75 años del INAH
Las excavaciones arqueológicas, los museos, el descubrimiento de restos paleontológicos, la investigación histórica, la restauración de objetos antiguos, el estudio de los mitos y las tradiciones, el trabajo antropológico, el cuidado de los códices, el resguardo del arte virreinal, la formación de profesionales, el registro del patrimonio cultural, la difusión de la música tradicional, la protección de las lenguas indígenas, la custodia de las zonas arqueológicas… todo eso y más, pero mucho más, forma parte de la tarea cotidiana de una de las instituciones culturales más nobles e importantes de México, el Instituto Nacional de Antropología e Historia, que el pasado 3 de febrero cumplió 75 años.

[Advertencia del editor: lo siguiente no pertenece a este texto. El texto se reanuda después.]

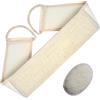 Coyanyu Scrubber per la Schiena in Luffa, 2 Pezzi Cintura Lavaschiena per Doccia e Spugna da Bagno per il Corpo Pad, Naturali Organico Esfoliante Spugna Scrub per Uomo Donna Massaggi Cura del Corpo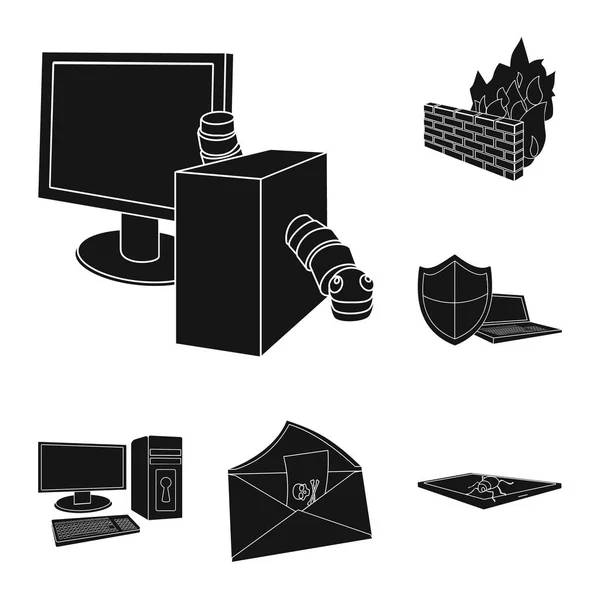 Hacker och hacking svart ikoner i set insamling för design. Hacker och utrustning vektor symbol lager web illustration. — Stock vektor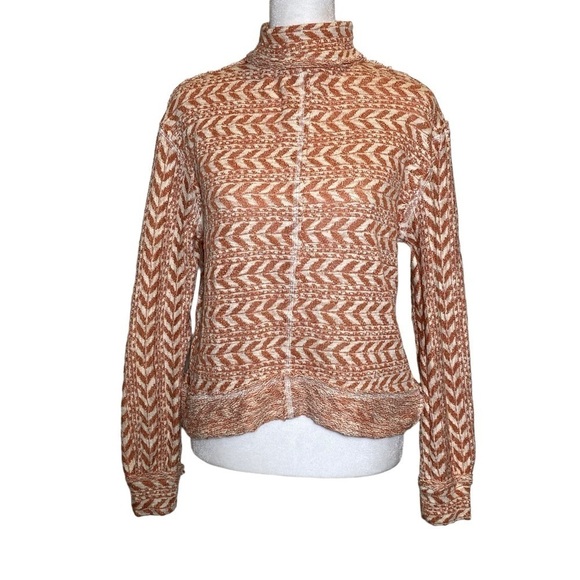 BKE women's Small raw edge mock neck knit long sleeve top burnt orange white - Picture 4 of 10
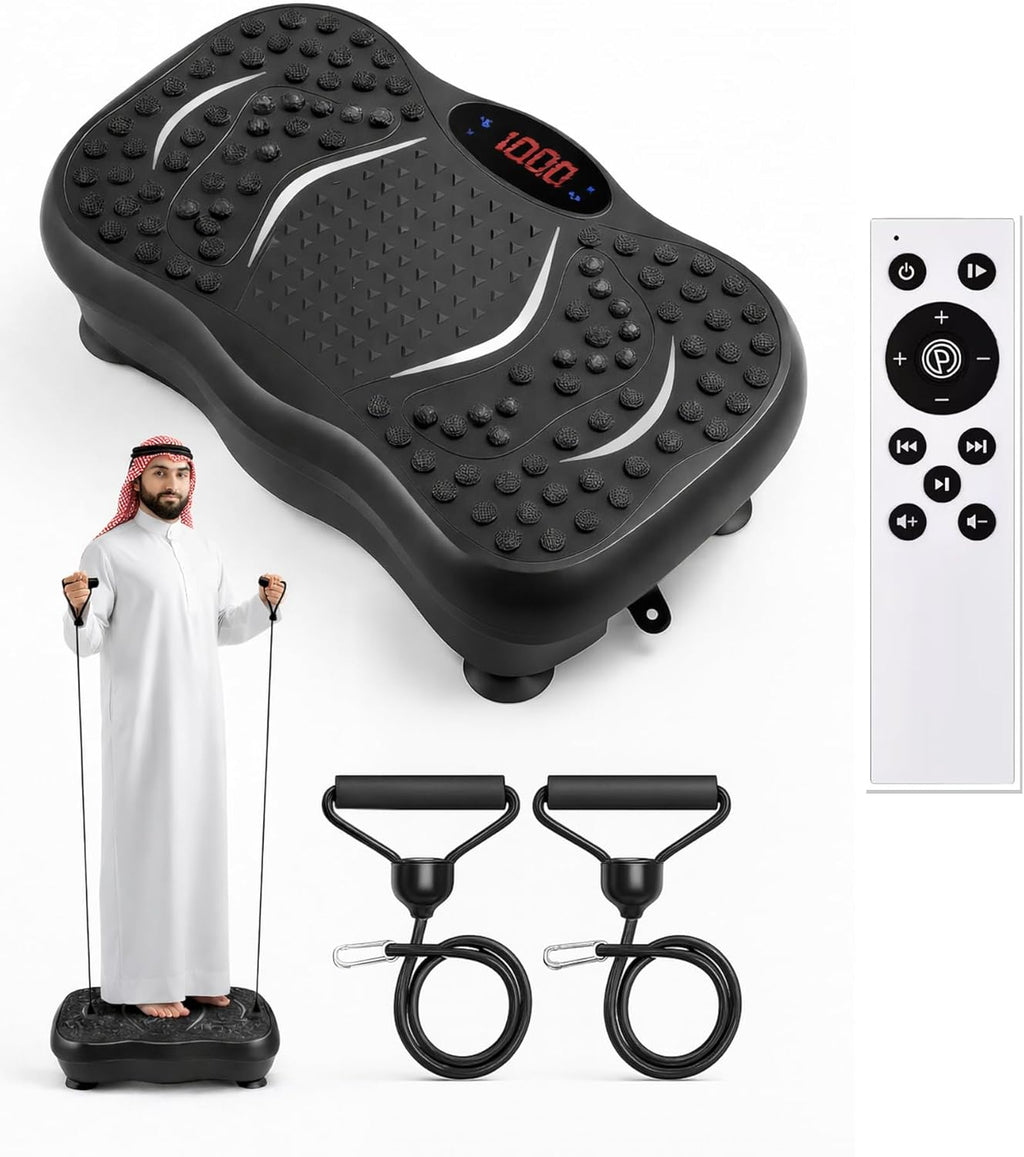 Vibration Plate Exercise Machine, Up to 200 Levels 180W Motor & Vibration Machine & Vibration Platform for Whole Body Vibration 120 kg Capacity | Resistance Bands | Quiet & Compact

El 3 de febrero de 1939, durante el gobierno del General Lázaro Cárdenas, fue creado el Instituto Nacional de Antropología e Historia (INAH), con la tarea de investigar, conservar y difundir el patrimonio arqueológico, histórico y paleontológico de nuestro país.
El interés por la protección de la riqueza cultural del pasado prehispánico de México, comenzó a partir del establecimiento de nuestro país como una nación como libre y soberana.
Para el gobierno independentista, recuperar el pasado prehispánico significaba darle a México una identidad y un perfil propios. Desde 1821 se designó al Estado como el encargado de recuperar, concentrar, conservar, proteger, vigilar y difundir los sitios y objetos patrimoniales de nuestro pasado histórico, y en 1825, por órdenes del presidente Guadalupe Victoria, se creó el Museo Nacional de México, la primera institución que se dedicó a reunir y preservar las antigüedades mexicanas.
Esa labor de estudio y cuidado del patrimonio tomó una forma realmente sólida, muchos años después, con la creación del INAH en 1939, y a él se incorporaron, en ese momento, el Museo Nacional de Arqueología y Etnografía, la Dirección de Monumentos Prehispánicos y la Dirección de Monumentos Coloniales. La ley orgánica que le dio origen al INAH, lo definió como un organismo con personalidad jurídica propia y lo designó como apto para la exploración de zonas arqueológicas, vigilancia, conservación y restauración de monumentos arqueológicos, históricos y artísticos de la nación y para la formación de profesionales en las áreas de su competencia.
El INAH ha cumplido con creces las tareas que le corresponden, ha descubierto, estudiado, protegido y recuperado el patrimonio de los mexicanos y ha sabido mostrarlo en nuestro país y en el extranjero. Enhorabuena por sus primeros 75 años de vida.